◆ **Assignment**:
The answer must consist of each line below that contains the word "want", copied in full.

◆ **Record extracts**:
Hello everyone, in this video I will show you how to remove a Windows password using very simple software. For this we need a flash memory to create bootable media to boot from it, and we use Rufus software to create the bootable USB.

---

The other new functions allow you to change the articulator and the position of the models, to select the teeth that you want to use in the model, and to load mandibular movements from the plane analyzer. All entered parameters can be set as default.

* * *

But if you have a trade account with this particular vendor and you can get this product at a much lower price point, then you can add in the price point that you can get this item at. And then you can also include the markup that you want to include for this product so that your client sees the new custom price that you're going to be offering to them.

◆ **Response to the exercise**:
The other new functions allow you to change the articulator and the position of the models, to select the teeth that you want to use in the model, and to load mandibular movements from the plane analyzer. All entered parameters can be set as default.
But if you have a trade account with this particular vendor and you can get this product at a much lower price point, then you can add in the price point that you can get this item at. And then you can also include the markup that you want to include for this product so that your client sees the new custom price that you're going to be offering to them.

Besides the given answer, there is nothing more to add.